Martin Luther King Jr. was in Memphis, TN when he was assassinated. He was asked by the AFSCME to participate in the Sanitation Workers' strike and to speak to the local government and the workers who were striking for pay parity with white workers.
In 1968, he was there to request the Administration in Memphis pay, and treat, black sanitation workers equally to their white counter-parts.
Excerpted from an article I sourced from the National Archives: "In the later 1960s, the targets of King's activism were less often the legal and political obstacles to the exercise of civil rights by blacks, and more often the underlying poverty, unemployment, lack of education, and blocked avenues of economic opportunity confronting black Americans.
Despite increasing militancy in the movement for black power, King steadfastly adhered to the principles of nonviolence that had been the foundation of his career. Those principles were put to a severe test in his support of a strike by sanitation workers in Memphis, Tennessee. This was King's final campaign before his death.

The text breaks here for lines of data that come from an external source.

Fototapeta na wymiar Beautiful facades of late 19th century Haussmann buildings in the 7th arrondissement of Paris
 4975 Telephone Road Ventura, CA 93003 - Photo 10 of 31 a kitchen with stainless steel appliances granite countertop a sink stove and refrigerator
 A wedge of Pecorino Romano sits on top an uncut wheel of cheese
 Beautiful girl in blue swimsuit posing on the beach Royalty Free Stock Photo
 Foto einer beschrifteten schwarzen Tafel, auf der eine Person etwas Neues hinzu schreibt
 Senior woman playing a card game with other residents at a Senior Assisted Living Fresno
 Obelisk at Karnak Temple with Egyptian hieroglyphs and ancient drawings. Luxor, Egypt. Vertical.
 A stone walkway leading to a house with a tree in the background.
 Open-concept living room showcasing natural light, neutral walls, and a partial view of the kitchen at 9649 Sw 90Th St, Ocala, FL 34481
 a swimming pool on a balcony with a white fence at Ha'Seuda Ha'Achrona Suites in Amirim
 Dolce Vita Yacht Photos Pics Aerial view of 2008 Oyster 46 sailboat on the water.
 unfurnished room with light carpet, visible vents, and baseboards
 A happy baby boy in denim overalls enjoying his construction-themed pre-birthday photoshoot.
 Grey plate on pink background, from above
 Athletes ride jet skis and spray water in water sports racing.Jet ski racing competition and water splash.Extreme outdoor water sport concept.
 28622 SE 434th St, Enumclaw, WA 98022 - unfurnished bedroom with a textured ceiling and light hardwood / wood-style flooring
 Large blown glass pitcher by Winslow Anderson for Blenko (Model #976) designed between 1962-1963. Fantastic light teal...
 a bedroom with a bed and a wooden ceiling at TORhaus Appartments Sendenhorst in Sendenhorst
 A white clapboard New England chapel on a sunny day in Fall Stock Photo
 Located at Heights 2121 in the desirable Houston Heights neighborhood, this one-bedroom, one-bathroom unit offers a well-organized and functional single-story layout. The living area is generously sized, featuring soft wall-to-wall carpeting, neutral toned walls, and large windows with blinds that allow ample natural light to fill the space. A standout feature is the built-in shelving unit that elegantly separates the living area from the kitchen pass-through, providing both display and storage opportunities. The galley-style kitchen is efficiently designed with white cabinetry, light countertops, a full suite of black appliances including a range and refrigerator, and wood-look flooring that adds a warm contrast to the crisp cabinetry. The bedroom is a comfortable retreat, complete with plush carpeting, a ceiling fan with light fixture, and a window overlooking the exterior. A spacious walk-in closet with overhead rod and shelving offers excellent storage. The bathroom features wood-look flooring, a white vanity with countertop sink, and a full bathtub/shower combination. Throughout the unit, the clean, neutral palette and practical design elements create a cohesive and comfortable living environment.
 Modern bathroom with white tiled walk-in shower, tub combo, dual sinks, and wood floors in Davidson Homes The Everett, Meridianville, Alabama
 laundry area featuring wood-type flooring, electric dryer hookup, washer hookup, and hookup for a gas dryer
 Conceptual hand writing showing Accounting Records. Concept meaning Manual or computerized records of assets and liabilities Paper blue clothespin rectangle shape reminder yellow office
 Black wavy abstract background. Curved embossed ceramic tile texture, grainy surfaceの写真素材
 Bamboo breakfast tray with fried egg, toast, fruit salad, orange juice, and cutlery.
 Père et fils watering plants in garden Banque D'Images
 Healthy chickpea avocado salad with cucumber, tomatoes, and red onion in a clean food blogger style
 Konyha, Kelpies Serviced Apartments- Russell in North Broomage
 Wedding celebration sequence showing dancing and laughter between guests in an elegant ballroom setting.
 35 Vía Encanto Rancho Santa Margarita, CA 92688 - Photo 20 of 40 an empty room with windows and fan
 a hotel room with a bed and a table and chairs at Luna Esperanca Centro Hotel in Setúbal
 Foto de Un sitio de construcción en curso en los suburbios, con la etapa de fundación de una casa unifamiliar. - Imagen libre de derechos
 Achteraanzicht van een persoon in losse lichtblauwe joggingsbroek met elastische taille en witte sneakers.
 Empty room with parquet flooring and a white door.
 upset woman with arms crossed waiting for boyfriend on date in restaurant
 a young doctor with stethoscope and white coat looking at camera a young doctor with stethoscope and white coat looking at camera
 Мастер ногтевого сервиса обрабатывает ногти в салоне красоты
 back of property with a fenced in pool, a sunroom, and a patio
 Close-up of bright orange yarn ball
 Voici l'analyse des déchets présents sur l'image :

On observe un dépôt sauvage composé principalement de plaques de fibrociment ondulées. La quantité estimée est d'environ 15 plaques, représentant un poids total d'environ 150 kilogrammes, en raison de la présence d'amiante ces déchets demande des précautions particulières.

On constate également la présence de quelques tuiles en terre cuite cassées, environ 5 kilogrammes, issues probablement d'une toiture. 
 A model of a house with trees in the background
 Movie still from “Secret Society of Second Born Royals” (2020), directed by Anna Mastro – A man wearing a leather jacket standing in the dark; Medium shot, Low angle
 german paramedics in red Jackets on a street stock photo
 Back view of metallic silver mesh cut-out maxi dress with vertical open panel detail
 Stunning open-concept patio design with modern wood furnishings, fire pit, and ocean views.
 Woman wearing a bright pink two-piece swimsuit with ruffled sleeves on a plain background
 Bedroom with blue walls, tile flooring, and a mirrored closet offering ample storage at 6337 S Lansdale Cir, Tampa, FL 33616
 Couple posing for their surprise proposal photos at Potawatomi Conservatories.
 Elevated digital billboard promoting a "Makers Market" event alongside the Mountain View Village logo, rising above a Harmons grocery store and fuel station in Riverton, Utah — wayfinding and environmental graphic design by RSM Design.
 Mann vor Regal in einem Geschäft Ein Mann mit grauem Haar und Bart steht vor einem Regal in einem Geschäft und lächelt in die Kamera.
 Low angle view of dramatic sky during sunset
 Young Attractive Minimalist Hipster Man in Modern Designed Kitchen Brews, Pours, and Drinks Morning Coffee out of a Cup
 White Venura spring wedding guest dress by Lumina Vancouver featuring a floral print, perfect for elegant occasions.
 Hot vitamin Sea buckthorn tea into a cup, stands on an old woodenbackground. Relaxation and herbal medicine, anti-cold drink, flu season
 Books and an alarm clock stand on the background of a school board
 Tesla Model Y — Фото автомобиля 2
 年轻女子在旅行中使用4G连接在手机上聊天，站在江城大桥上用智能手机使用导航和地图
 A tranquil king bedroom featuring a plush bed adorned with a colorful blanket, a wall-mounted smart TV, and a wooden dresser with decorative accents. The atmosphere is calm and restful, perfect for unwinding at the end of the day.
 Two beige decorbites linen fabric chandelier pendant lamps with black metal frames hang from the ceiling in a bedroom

From Reverend King's speech in Memphis:
"You are demanding that this city will respect the dignity of labor. So often we overlook the work and the significance of those who are not in professional jobs, of those who are not in the so-called big jobs.
But let me say to you tonight that whenever you are engaged in work that serves humanity and is for the building of humanity, it has dignity and it has worth.
-- Martin Luther King Jr., AFSCME Memphis Sanitation Strike, April 3, 1968
Which events prompted the strike in Memphis? Let's revisit the National Archives: "During a heavy rainstorm in Memphis on February 1, 1968, two black sanitation workers had been crushed to death when the compactor mechanism of the trash truck was accidentally triggered.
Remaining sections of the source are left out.